Benefits of Research
- Admission
- Strengthens graduate/PhD applications.
- Example: Research publications improve chances at top universities.
- Career
- Opens doors to R&D jobs, tech leadership roles.
- Example: AI researcher or embedded systems engineer positions.
- Startups
- Attracts investors and customers with proven tech.
- Example: IoT-based smart home startup backed by research data.
- Reputation
- Builds authority and credibility in academic and industry circles.
- Example: Published papers in reputed journals increase visibility.
- Funding
- Research-backed projects attract government and private funds.
- Example: Funded projects on AI in robotics from tech agencies.
Research Paper Sections with Descriptions
- Title & Abstract
- Title: Short, descriptive, highlights innovation.
- Abstract: A concise summary (150–250 words) of the problem, methods, results, and significance.
- Introduction
- Context of the problem in CS, AI, IoT, or Robotics.
- Research motivation, objectives.
- Clear problem statement and scope.
- Literature Review
- Overview of prior work on Arduino, NodeMCU, robotics.
- Identify gaps and show how your work addresses them.
- Methodology / Materials & Methods
- Describe tools: microcontrollers, sensors, software stack.
- Flow diagrams or system architecture.
- Justification of design decisions.
- Experiments & Results
- Data collection process, experimental design.
- Tables, graphs, and result interpretation.
- Performance metrics (latency, accuracy, power usage).
- Discussion
- Analyze what the results imply.
- Compare with existing systems.
- Address limitations and possible errors.
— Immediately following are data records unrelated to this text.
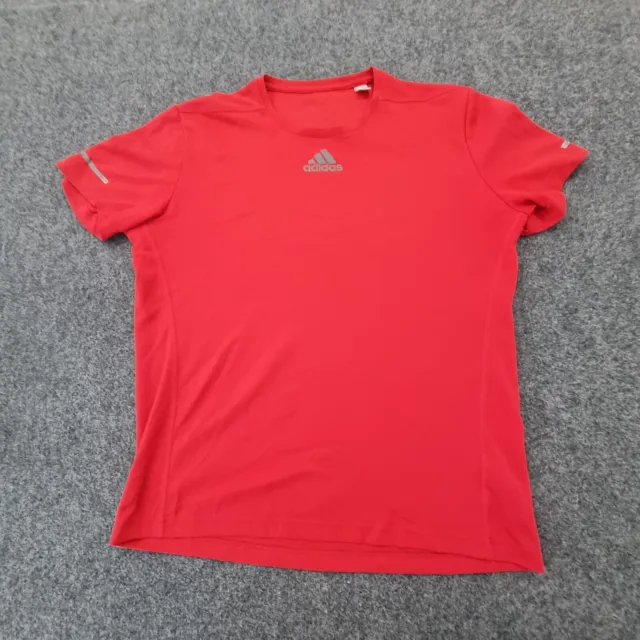 Adidas Shirt Mens Small red football short sleeve sports Soccer TShirt Size S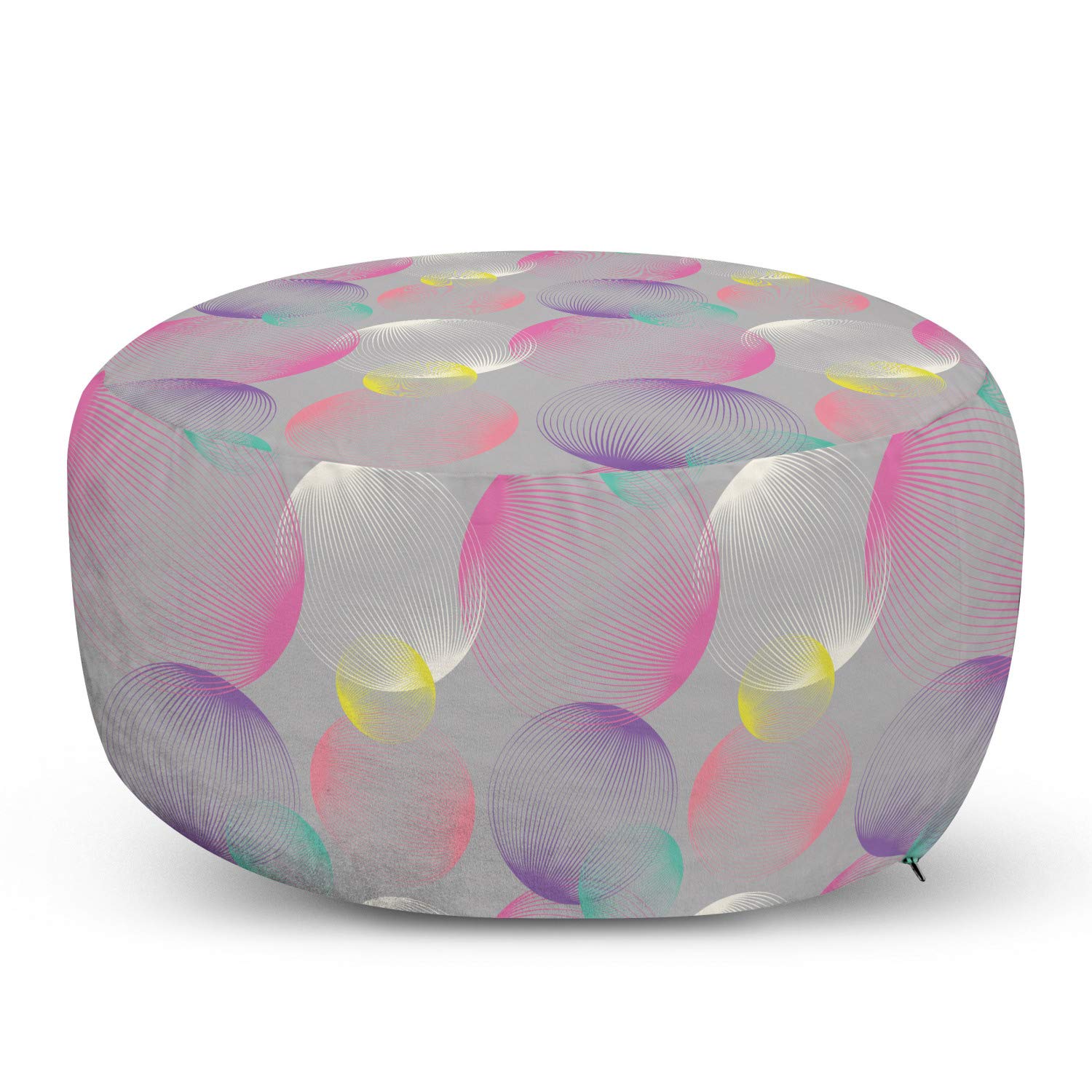 Ambesonne Modern Abstract Pouf Cover with Zipper - 30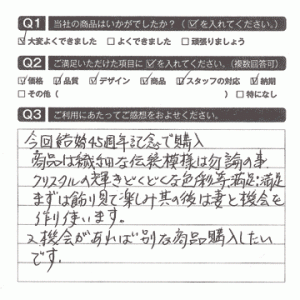 飾り見て楽しみ其の後は妻と機会を作り使います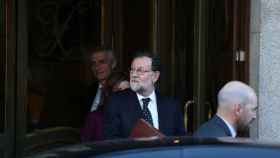 Rajoy, saliendo del Tribunal Supremo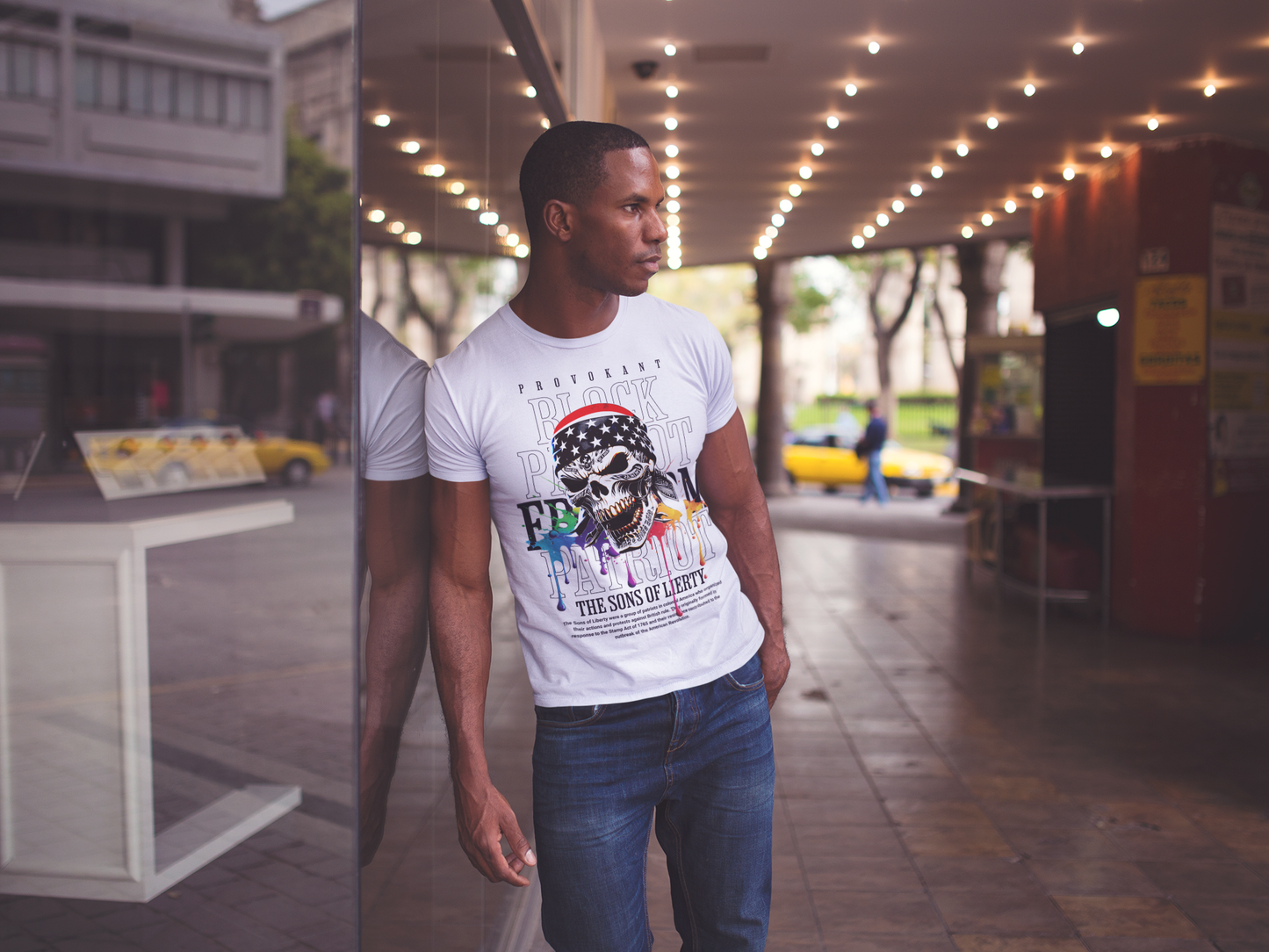 Block Patriot Stretch Tee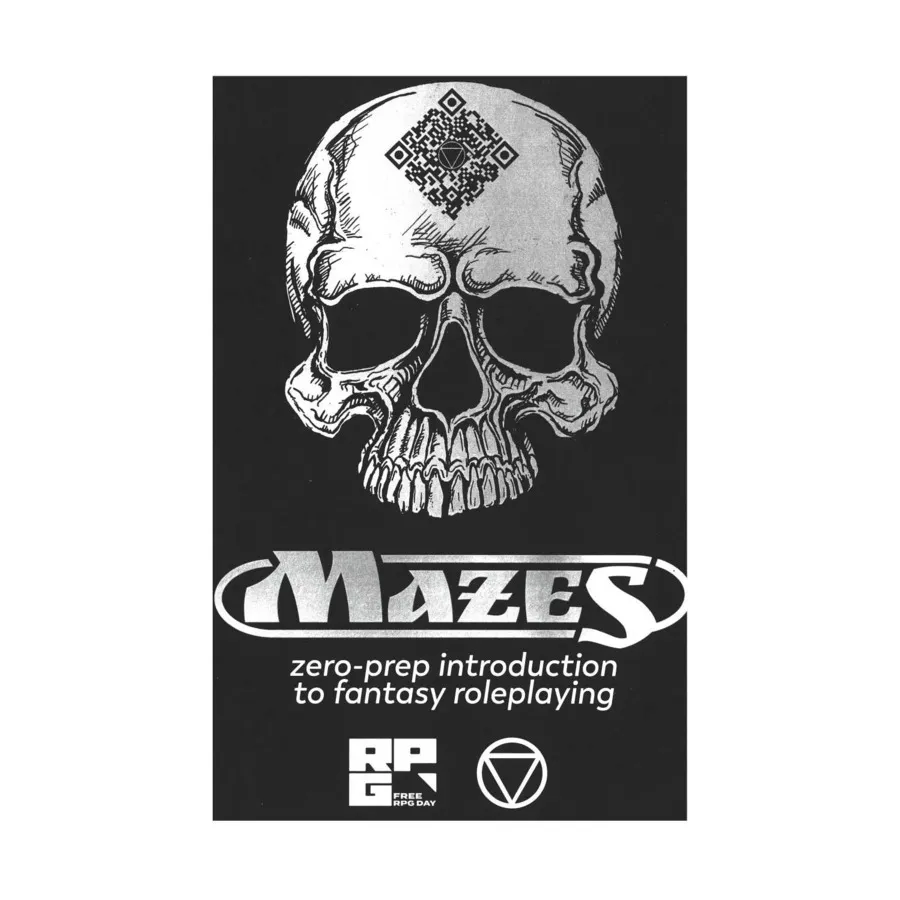 

MAZES Fantasy Roleplaying (Free RPG Day 2023), Role Playing Games (9th Level Games), мягкая обложка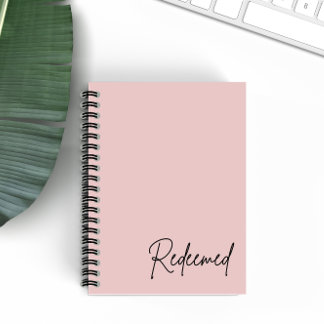 Erlöst Minimalistisch Blush Christlicher Glaube Notizblock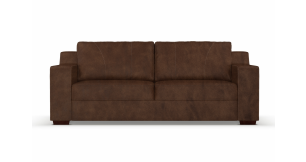 Presley 3 Division Leather Couch, Spice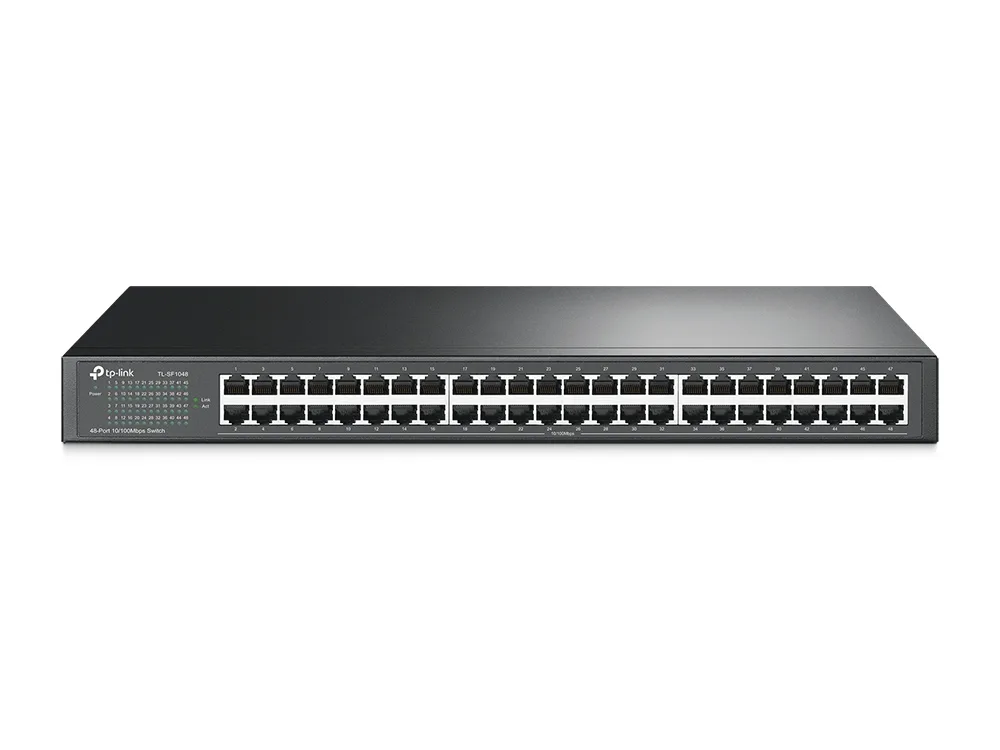 Switch no administrable de 48 puertos 10/100 Mbps para montaje en rack TP-LINK TL-SF1048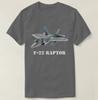 USA Army F22 Raptor Fighter Jet Unisex TShirt Short Sleeve Casual 100 Cotton ONeck Summer Tees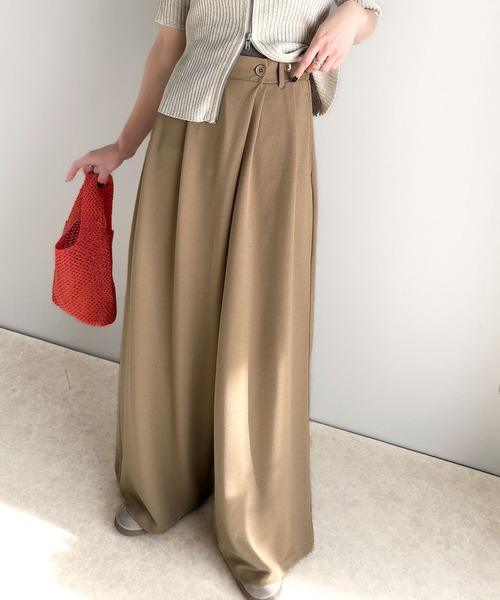 classicalelf(クラシカルエルフ)の「今季トレンドの抜け感がほどよい♪カットジョーゼットワイドラップパンツ(その他パンツ・レディース・ブラック/アイボリー/ベージュ/チャコール・LARGE/MEDIUM/SMALL/X-LARGE)」の9枚目の写真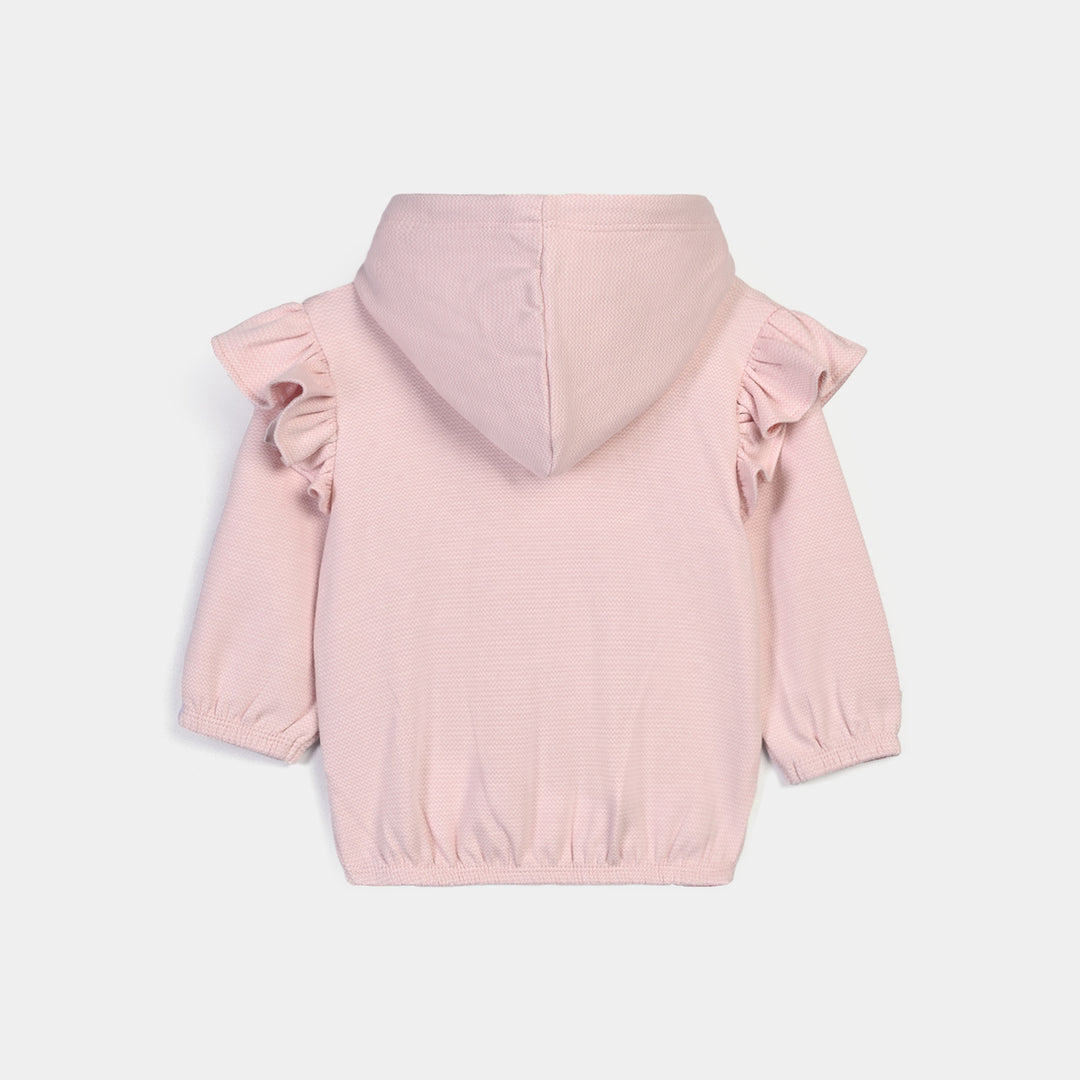 Infant Girls Cotton Jersey 2Pcs Suit Bunny-Pink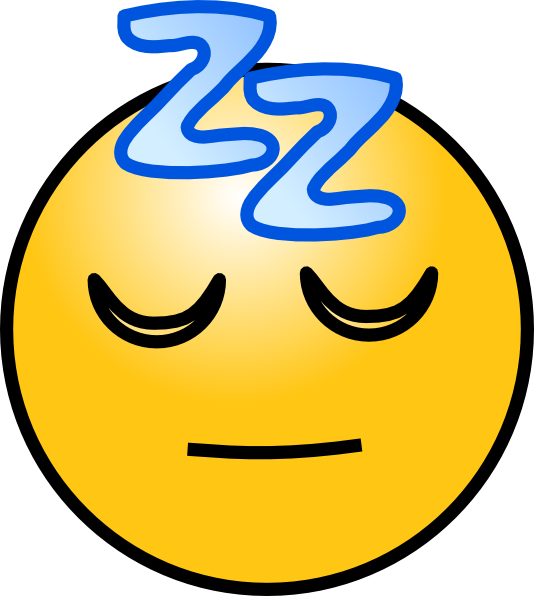Snoring Sleeping Zz Smiley clip art - vector clip art online 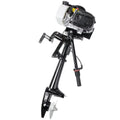 with Advanced System 4-Stroke HP Motor: Boat Air Outboard Cooling 55CC Efficient Engine Powerful 3.6
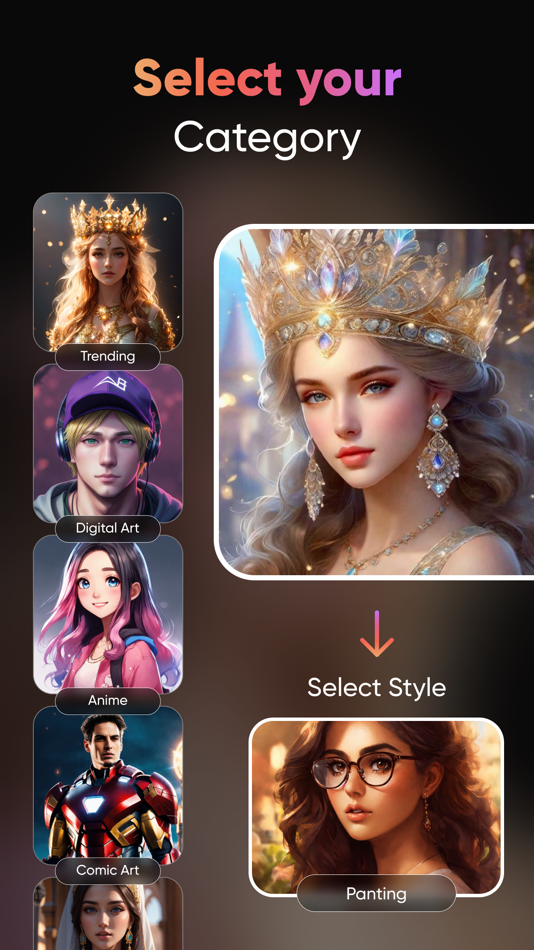 #3. iAvatar : AI Art Generator (iOS) 由: Nikhil Viradiya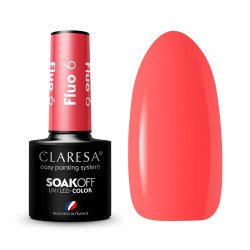CLARESA Esmalte de uñas híbrido FLUO 6 -5g CLARESA Esmalte de uñas híbrido FLUO 6 -5g
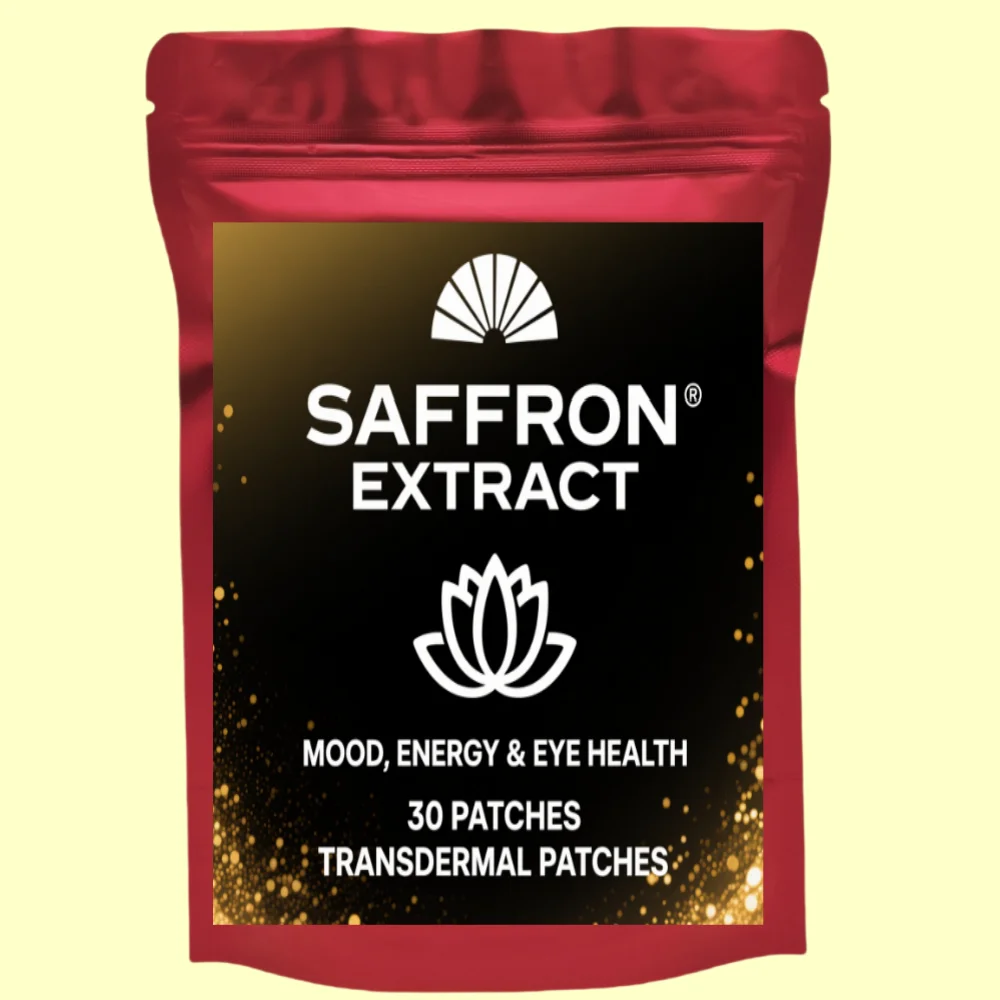 Saffron Transdermal Patches Appetite Suppressant For Weight Loss Metabolism Booster Mood Support 30 Patches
- Conclusion & Future Work
- Summarize findings.
- Highlight contributions.
- Recommend future directions (e.g., edge AI, federated IoT).
- References
- Proper citation using IEEE/ACM/BibTeX.
- Must include journal articles, datasets, tools.
- Appendices (if needed)
- Schematics, code snippets, hardware specs.
- Additional test results or extended proofs.
Research Paper Examples – Arduino, NodeMCU, Deep Learning
- IoT-Based Smart Agriculture Monitoring System
(NodeMCU, DHT11, Soil Moisture Sensor, Deep Learning)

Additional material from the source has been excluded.